Hacker News new | ask | show | jobs
by yxhuvud 551 days ago
Because it takes n time to access n units of memory.

Heavily simplified due to caches etc. To the point where people sometimes measure in cache misses instead as that is usually what actually matters.

2 comments

Let's say you have a lookup table and your algorithm looks up a value and returns it. O(n) space O(1) in time.
n is some value depending on the size of the input, so if you have a look up table that is O(n), then that memory needs to be initialized somehow. If you have a fixed size lookup table then it is O(1), even if it is big.
Compile time fill a lookup table. Run time read 1 value from it. I call it O(1) in time, O(n) in memory. You call it O(1) in both, right?

Now move the compile time code to runtime.

I call it O(n) in time and memory.

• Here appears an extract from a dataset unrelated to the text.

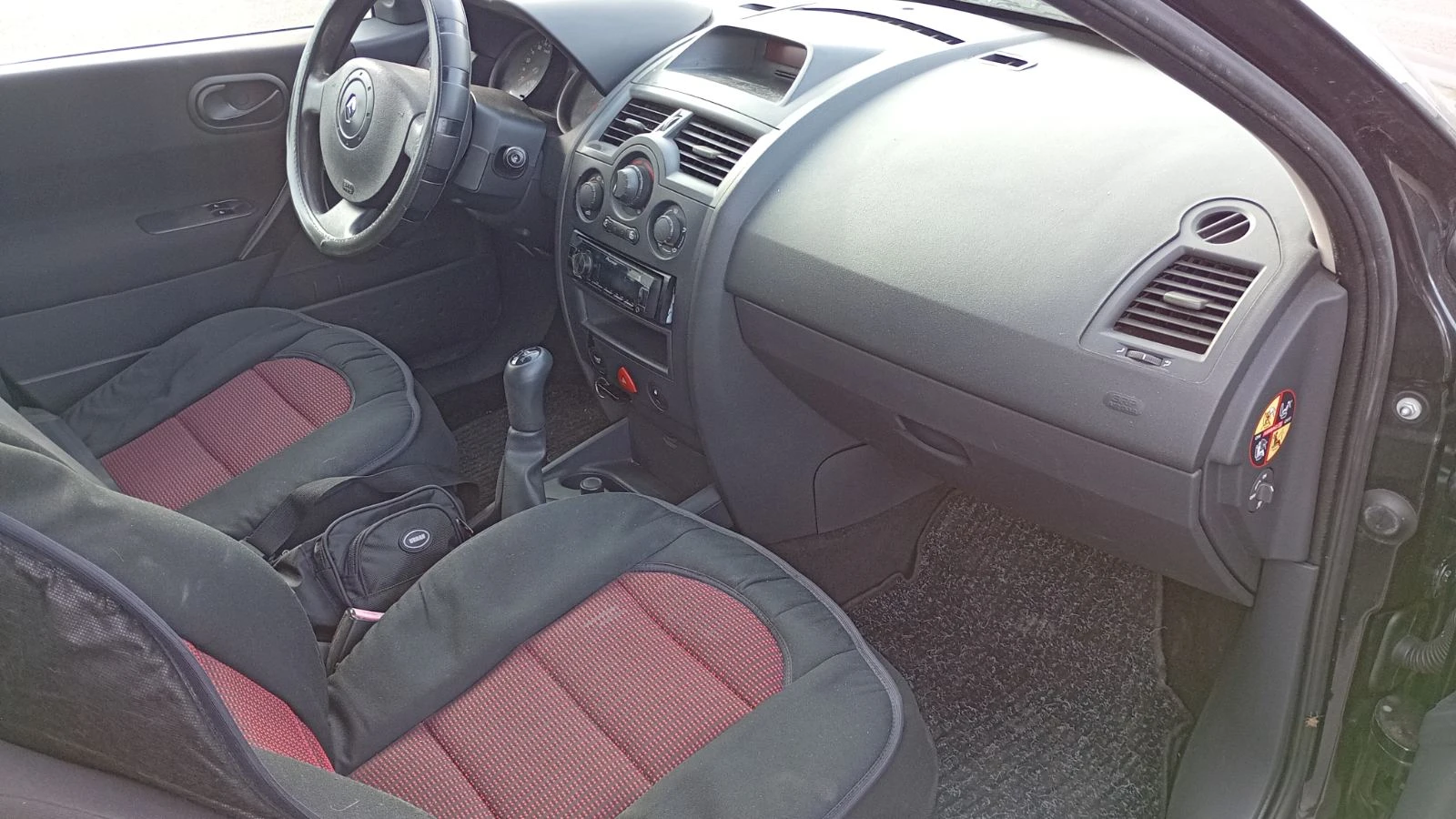 Renault Megane 1.4клима гаражен , снимка 8 - Автомобили и джипове - 56433688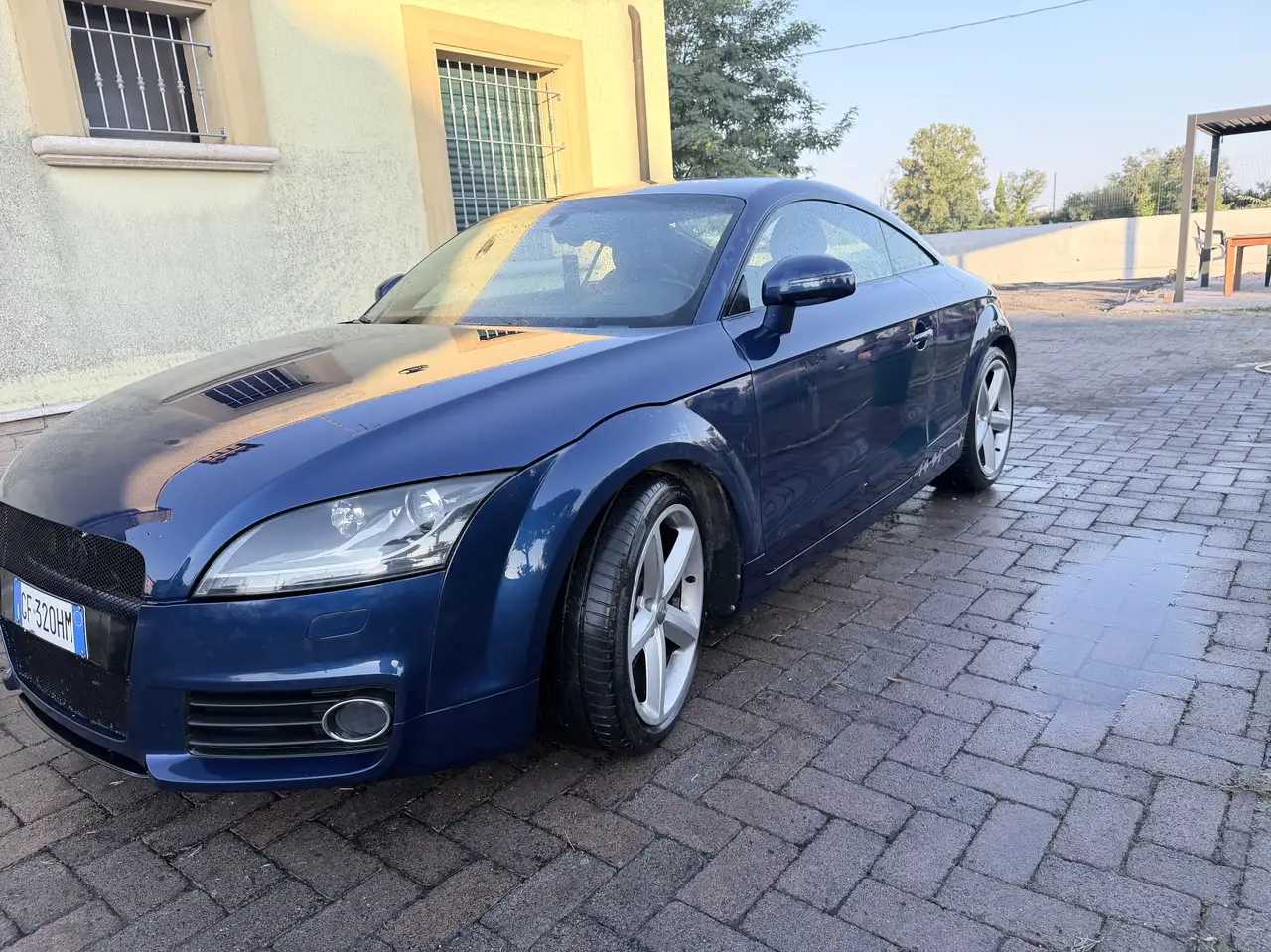 Audi TT Coupe 1.8 tfsi — photo 1 of 8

What do you call it?

If your say O(n) in time and memory - why is moving the code changing its complexity?

If you say still O(1) - then everything is O(1), thus proving P=NP among other things :)

Either way your interpretation isn't very useful.

What if you allocate a huge chunk of memory and only use a small part of it? For example, checking if a list of numbers contains duplicates using a boolean array.
If your algorithm requires O(n) memory, any O(1) amount of memory can never be enough, no matter how huge. That's the entire point of O notation.

And if your implementation of an algorithm allocates more space in the big-oh sense than it can actually touch (eg. O(n) space for O(log n) time or whatever), that's just a wasteful implementation. Doesn't make the algorithm itself require more space than it has time to actually use.